Looking for the origins of an old translation

https://doi.org/10.54013/kk680a3

The article addresses a late-17th-century translation of the Old Testament, tentatively attributed to two pastors, father and son Andreas and Adrian Virginius, who served in southern Estonia, which in those times was part of Livonia. The research question is: Which of the two variants of literary Estonian developed at the time, North-Estonian or South-Estonian,was the first target language for the Old Testament? Adrian Virginius mentions his and his father’s joint effort of translating the OT (up to the Book of Job) in the 1680s, without specifying the language variant. As to the rest of Andreas Virginius’ translations, those were, according to secondary sources, in South Estonian, but Adrian Virginius had close contacts with the reformers of literary North Estonian. The original manuscript of the OT translation has not survived, but we do have a slightly later copy, anonymous and undated, which is in North Estonian, yet bearing strong traces of South Estonian influence.

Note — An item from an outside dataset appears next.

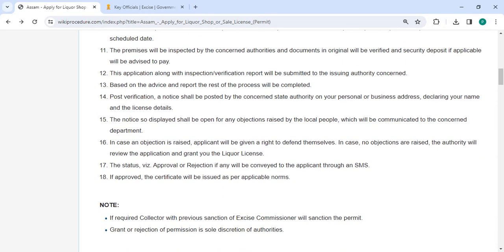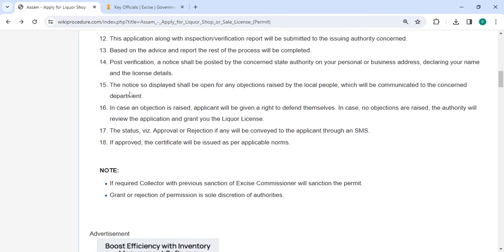On following verification, the relevant state authorities will post a notice with your name and license data on your residential or business address. Any complaints voiced by the locals will be communicated to the concerned department. In case an objection is raised, the applicant will have the opportunity to present their case. If no objection, the authority will review the application and grant the required license.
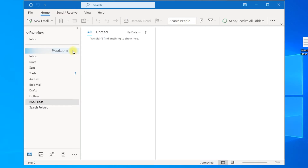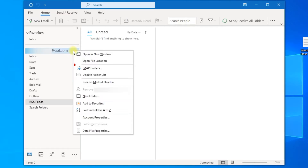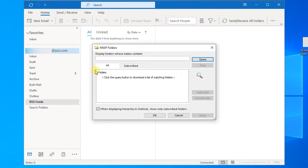Right-click on your email address and go to IMAP Folders. Click on Query, and it will display all the folders from your email account.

In addition, we have two South Estonian OT translations from the late 18tth– early 19th century (a shortened printed version and a manuscript copy of 20 chapters of Exodus), whose wording is very close to that of the North Estonian translation attributed to father and son Virginius. The article discusses if and how it is possible to decide which of the two versions is the underlying translation and which is the derivative one. The method used involves linguistic and translation analysis complemented by historical and other extralinguistic information speaking for or against either hypothesis and, possibly, shed some light on the identity of the translator and of the copyist. Although the conclusion admits that the present stage of research offers more open questions than satisfactory answers, the article provides several clues for further studies.